All Your Thread Are Belong to Us

  • Thread starter Thread starter C# Learner
  • Start date Start date
C

C# Learner

Hi all,

I have a nasty bug in my multi-threaded app which I think is being
caused by "race conditions" with multiple threads. I'm getting data
corruption.

The app is an HTTP server I'm making just for fun. I noticed the bug
yesterday night when performing a little stress testing on it. When
under stress, I find that a particular variable sometimes has an
incorrect value.

I'm not quite a threading expert, so I may be making a stupid mistake...

How can I go about getting help with this? I'd probably have to give
someone the whole project to get help, so they can observe the problems
themselves, I guess...
 
C# Learner said:
Hi all,

I have a nasty bug in my multi-threaded app which I think is being caused
by "race conditions" with multiple threads. I'm getting data corruption.

The app is an HTTP server I'm making just for fun. I noticed the bug
yesterday night when performing a little stress testing on it. When under
stress, I find that a particular variable sometimes has an incorrect
value.

I'm not quite a threading expert, so I may be making a stupid mistake...

How can I go about getting help with this? I'd probably have to give
someone the whole project to get help, so they can observe the problems
themselves, I guess...

First and foremost, is that variable accessible from *one* place or is it
directly accessed in multiple places?
If its the latter and the variable isn't used as an out or ref parameter,
you might be able to turn the variable into a property temporarily and input
some logging to figure out why things are going wrong as well as placing a
breakpoint there.

Its probably a race condition, but it could also be some subtle bug on a
rarely crossed codepath you havn't noticed yet(such as a casing difference
causing an invalid assignment, etc).
 
C# Learner said:
I have a nasty bug in my multi-threaded app which I think is being
caused by "race conditions" with multiple threads. I'm getting data
corruption.

The app is an HTTP server I'm making just for fun. I noticed the bug
yesterday night when performing a little stress testing on it. When
under stress, I find that a particular variable sometimes has an
incorrect value.

I'm not quite a threading expert, so I may be making a stupid mistake...

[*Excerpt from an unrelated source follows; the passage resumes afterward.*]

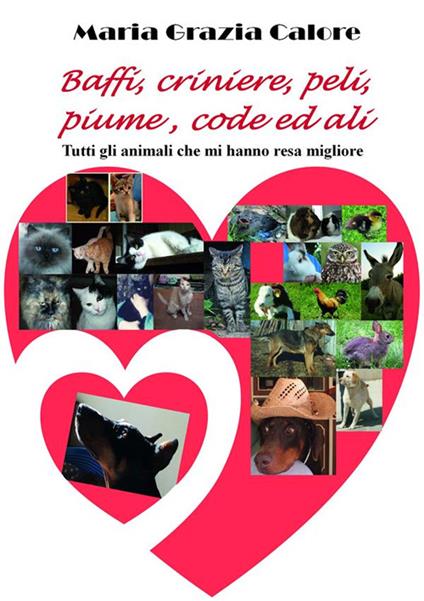 Baffi, criniere, peli, piume, code ed ali - Maria Grazia Calore - ebook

How can I go about getting help with this? I'd probably have to give
someone the whole project to get help, so they can observe the problems
themselves, I guess...

I have an unfinished threading tutorial which may still be of some
help:

http://www.pobox.com/~skeet/csharp/multithreading.html

Let me know if it raises any further questions.
 
Daniel said:

Hi Daniel,

Thanks for the reply -- it made me take a step back and think at a
higher level.

After several hours, I've finally fixed the two bugs that were causing
the problems.

The first bug was that I was calling ArrayList.Remove instead of
ArrayList.RemoveAt. I was passing an 'int' as a parameter to Remove,
when the ArrayList was holding only references to instances of class
Connection. Doh!

I'm kicking myself now because of this. What seems weird here, though,
is that ArrayList.Remove doesn't throw an exception when the passed
reference doesn't exist in the list.

The other bug was a race condition which I solved by locking a
particular block of code that I hadn't given enough prior thought to.

I appreciated your reply.

I'm gonna have to let my brain rest for awhile now.

See ya.
 
C# Learner said:
Daniel said:

Hi Daniel,

Thanks for the reply -- it made me take a step back and think at a higher
level.

After several hours, I've finally fixed the two bugs that were causing the
problems.

The first bug was that I was calling ArrayList.Remove instead of
ArrayList.RemoveAt. I was passing an 'int' as a parameter to Remove, when
the ArrayList was holding only references to instances of class
Connection. Doh!
Ooops, Generics would have helped in this case, ;).
I'm kicking myself now because of this. What seems weird here, though, is
that ArrayList.Remove doesn't throw an exception when the passed reference
doesn't exist in the list.

It is strange, but as it stands ArrayList.Remove is pretty much a fire and
forget method. Most of the existing collectinos are *very* forgiving. This
may not stand in the face of generics. For example, Dictionary<T,U>
currently throws an exception when a key doesn't exist instead of returning
null(there is a discussion on this which I'll post a link to tomorrow, to
tired to find it right now). I

Its really hard to say which is better, virtually any answer you get is
always specific to what you are doing and if you think hard enough, you can
usually come up with an argument for hte other way of doing things.
The other bug was a race condition which I solved by locking a particular
block of code that I hadn't given enough prior thought to.
Multithreading is a demon like that, its generally teh stuff you don't
expect more so than what you do, especially when you start evolving a code
base that is only multi-thread safe where it is(was) possible for multiple
threads to reach. As the code grows, you sometimes add race conditions or
deadlocks where you didn't figure they were possible when you designed your
locking code.
 
Jon said:
I have an unfinished threading tutorial which may still be of some
help:

http://www.pobox.com/~skeet/csharp/multithreading.html

Let me know if it raises any further questions.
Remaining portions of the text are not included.